Così come, del resto, è stata richiamata anche dal consulente giuridico dell’Ulivo, ed oggi in corsa per l’incarico di ministro di Grazia e Giustizia, prof. Giovanni Maria Flik. Si discute, naturalmente, sulle modalità e sui contenuti di un simile provvedimento. Ed a proposito di modalità, richiamiamo l’attenzione su qualche cosa di davvero curioso.

L’onorevole Walter Veltroni, candidato ad assumere la carica di vice presidente del Consiglio, ha ancora una volta ripetuto una proposta da lui stesso avanzata : si apra un tavolo, attorno al quale far sedere i giudici, gli avvocati e gli imprenditori, e si discuta su come uscire da Tangentopoli.

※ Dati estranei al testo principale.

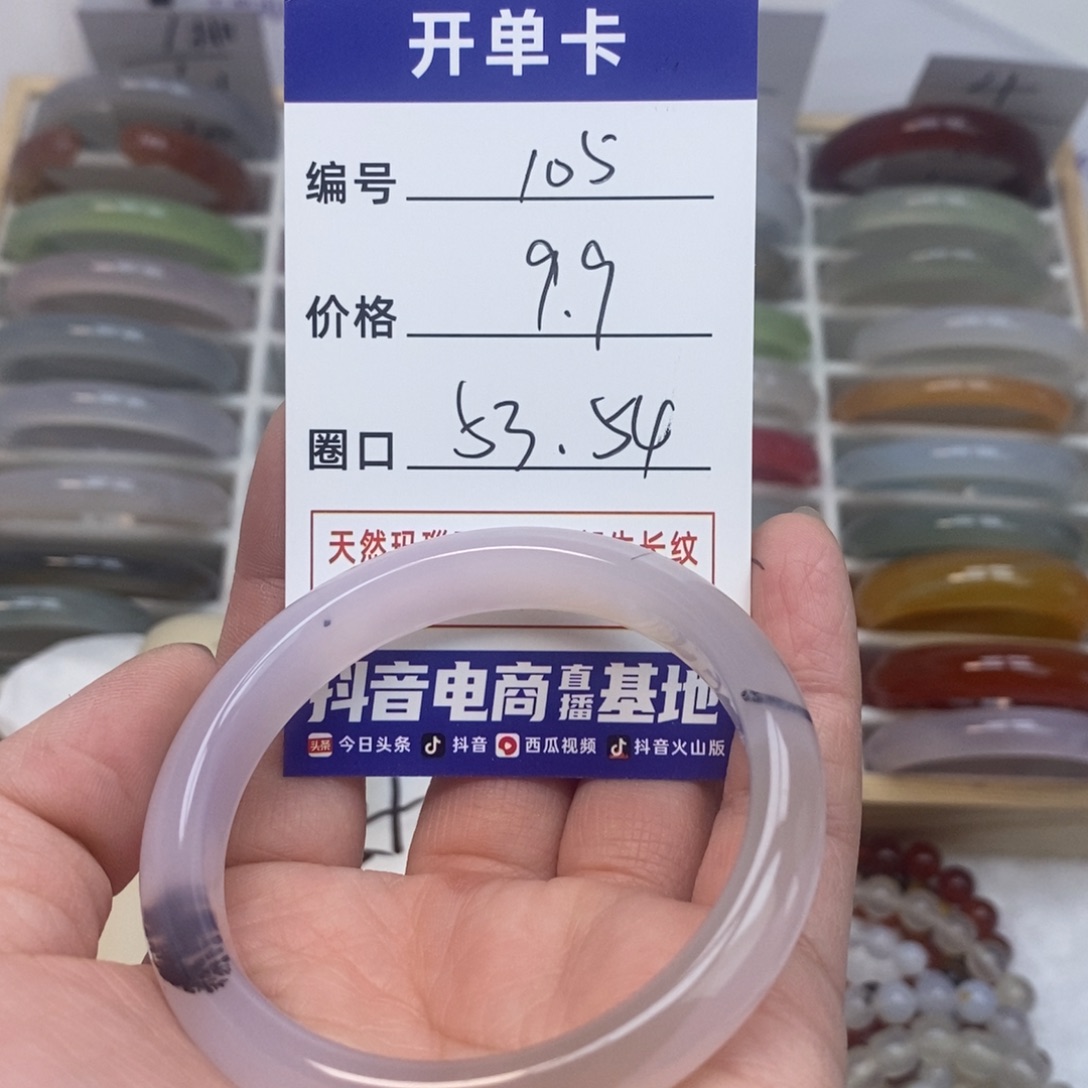 玛瑙/玉髓手镯未镶嵌105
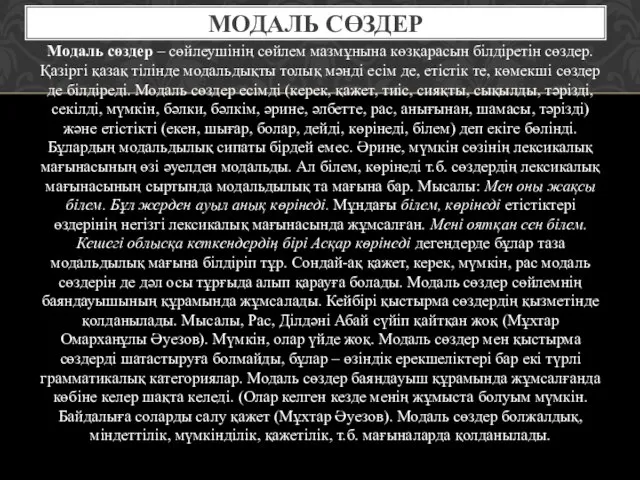 Модаль сөздер – сөйлеушінің сөйлем мазмұнына көзқарасын білдіретін сөздер. Қазіргі қазақ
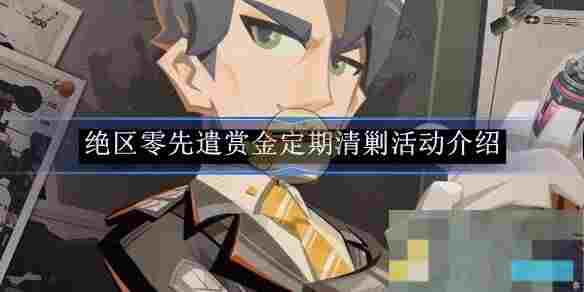 《绝区零》先遣赏金定期清剿活动介绍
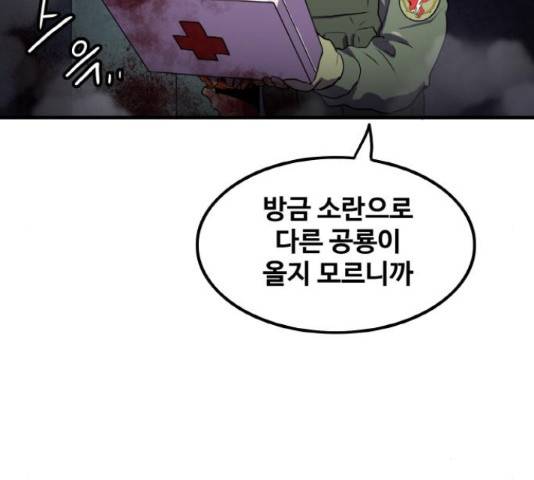생존로그 51화 79
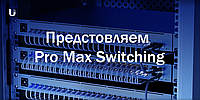 Introducing Pro Max Switching 
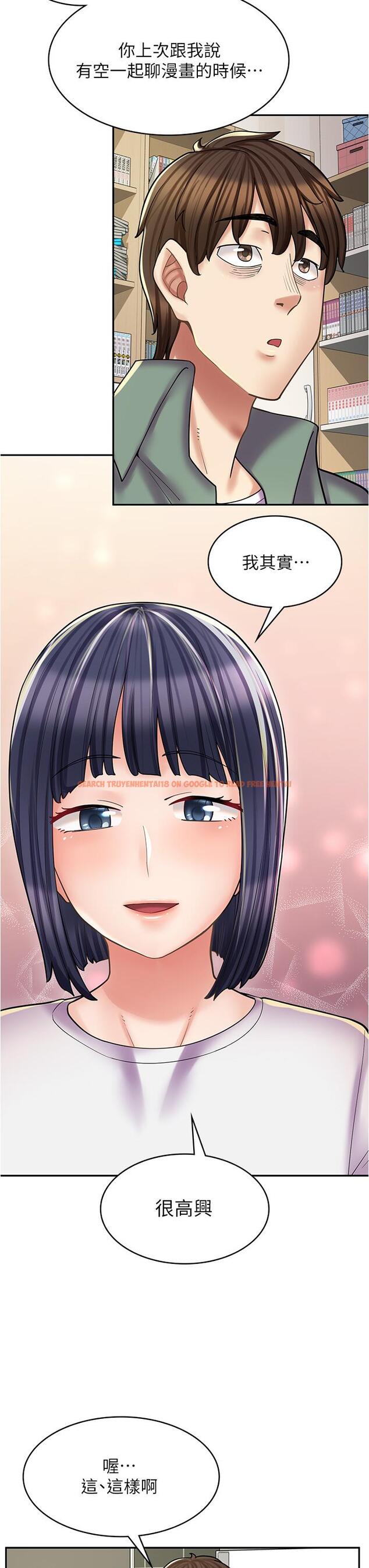 查看漫画漫畫店工讀生 - 第28話-你總是讓人欲罷不能 - www.tymanga.com中的1195974图片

La cosa curiosa non è tanto il linguaggio da mobilieri, oggi tanto di moda, per cui si “apre un tavolo” ad ogni proposito e su ogni questione (una volta si diceva “facciamo una commissione”). No, il curioso sta nel contenuto stesso della proposta, e per diversi motivi.

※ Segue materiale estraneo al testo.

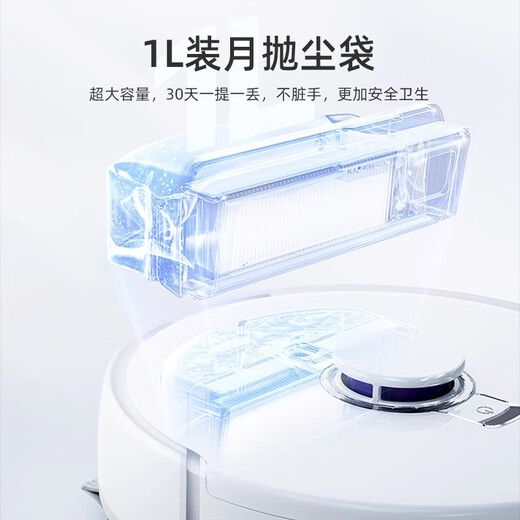 Fenlan is suitable for Yunjing sweeping robot accessories J4/J4lite/J5/Xiaoyao 001 disposable dust bag consumables cleaning fluid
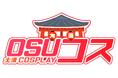 新たなコスプレイベント爆誕！『ＯＳＵコス～大須 COSPLAY～』名古屋・大須一帯が舞台！あかせあかり出演番組の公開収録も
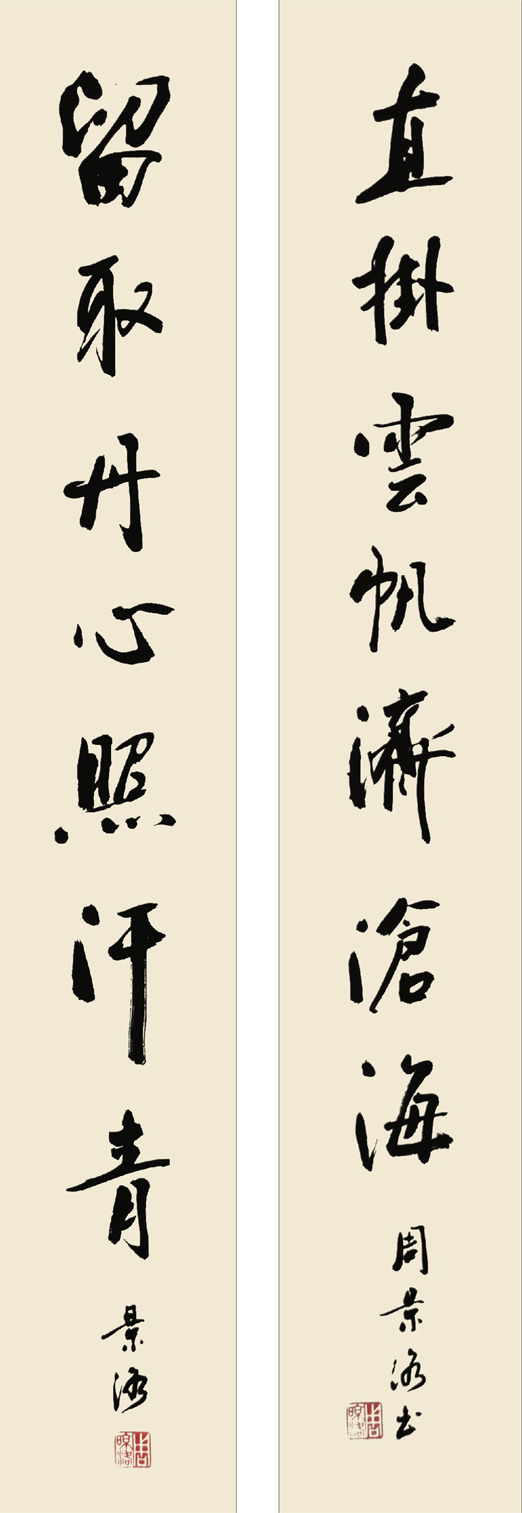 图片说明5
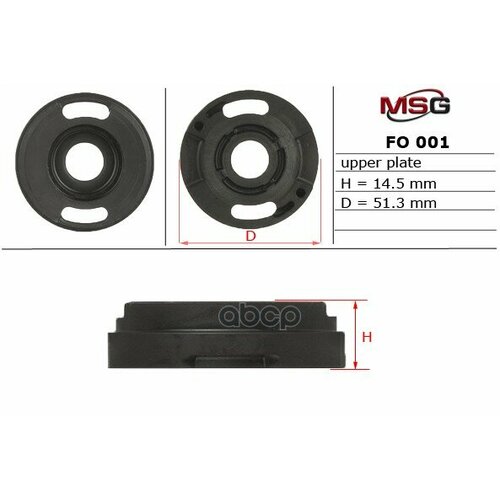 Плита Насоса Гур Верхняя Ford Cougar (Ec_) 98-01, Escort 91 Express (Avl) 90-94, Escort 95 Фургон (A Msg Fo001uplate MSG арт. F.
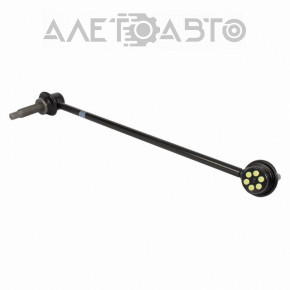 Bară stabilizatoare față dreapta Ford Explorer 11-19, nouă, originală OEM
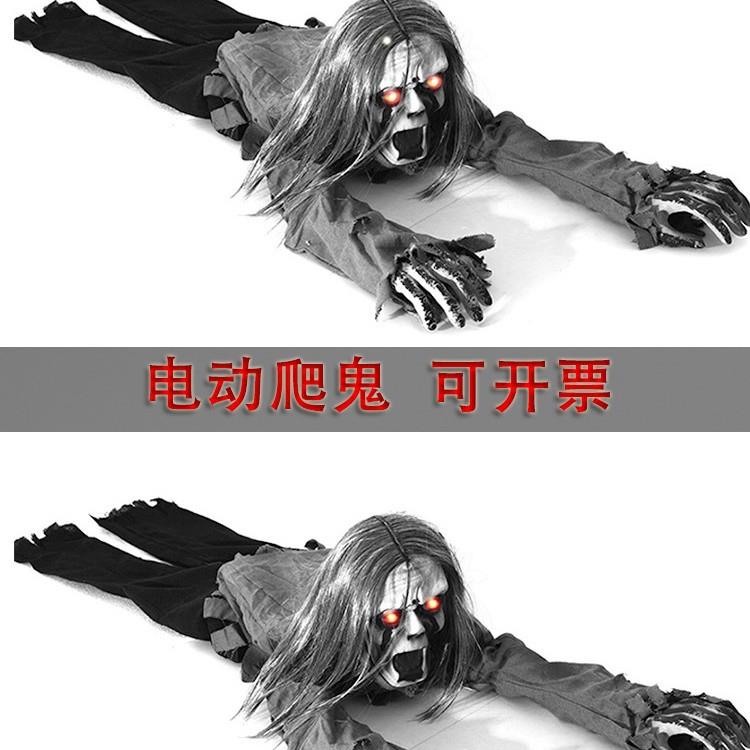 万圣节鬼声控爬行道具感应密室手装饰感应酒吧爬行鬼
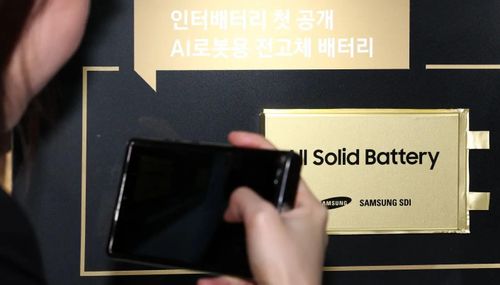  Một loại pin thể rắn sản xuất bởi Samsung SDI, chuyên dùng cho robot AI. Ảnh: News1. 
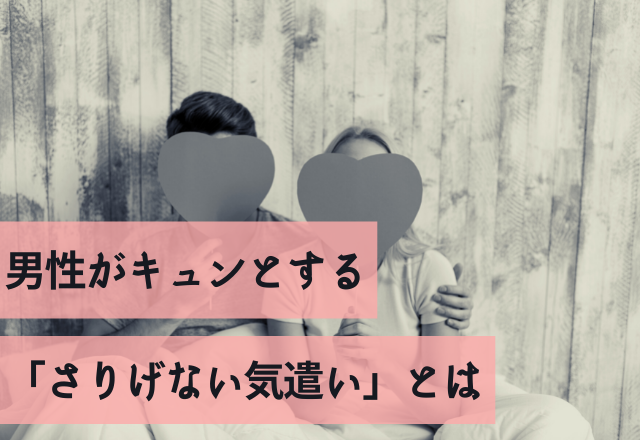 実はあなたもしてるかも？男性がキュンとする「さりげない気遣い」とは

Prima di tutto vorremmo sapere per quale mai motivo una questione importante e rilevante per tutti, come la giustizia, la si debba considerare appannaggio di giudici ed avvocati, che stanno al problema della giustizia come docenti e bidelli stanno a quello della pubblica istruzione. Poi sarà il caso di chiedere cosa mai c’entrano gli imprenditori. E’ ovvio, si dirà, gli imprenditori sono interessati in quanto coinvolti : erano loro a pagare, erano loro a costituire i fondi neri e, quindi, presumibilmente, a macchiarsi di reati come l’evasione fiscale ed il falso in bilancio. Già, ma non vorremmo che una tale logica fosse presa alla lettera, nel qual caso assisteremo presto alla nascita di un sindacato degli inquisiti. E c’è da sperare che sia unitario, almeno quello. Ciò renderebbe ancora più bello e democratico il tavolo veltroniano.

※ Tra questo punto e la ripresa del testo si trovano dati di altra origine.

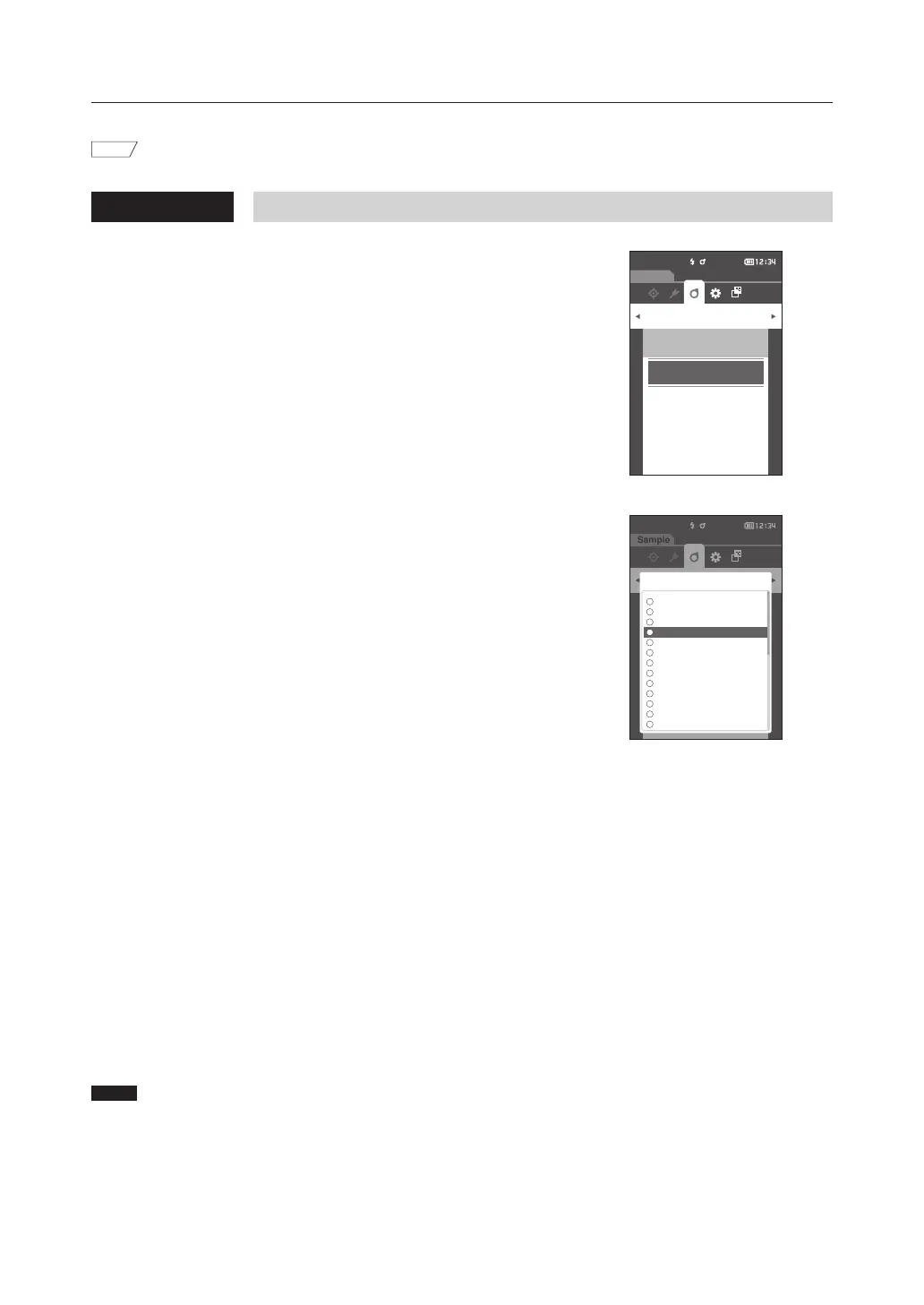 Page #76 background image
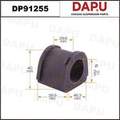 DP91255 Stabilizer Bush — DAPU AUTO PARTS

L’impressione è che, invece, dietro una simile proposta non si nasconda solo una certa confusione mentale, ma anche un preciso intento politico : dimostrare che l’Italia è sempre stata sana, animata da imprenditori che fanno il loro dovere, anche civile, da giudici che applicano fedelmente la legge e da avvocati che sentono la difesa degli imputati come un dovere morale, prima che professionale; e che, a rovinare questo idillio, sia giunto, negli anni ottanta, e non prima, un mondo politico corrotto e corruttore, corpo malato ed estraneo al resto della società. Altro che “ritorno alla politica”, qui siamo al “salviamoci tutti ed a morte il politico”.

Ecco, questa non sarebbe la via per uscire da Tangentopoli, ma per erigerla a fondamento morale di ogni nuovo equilibrio istituzionale e politico.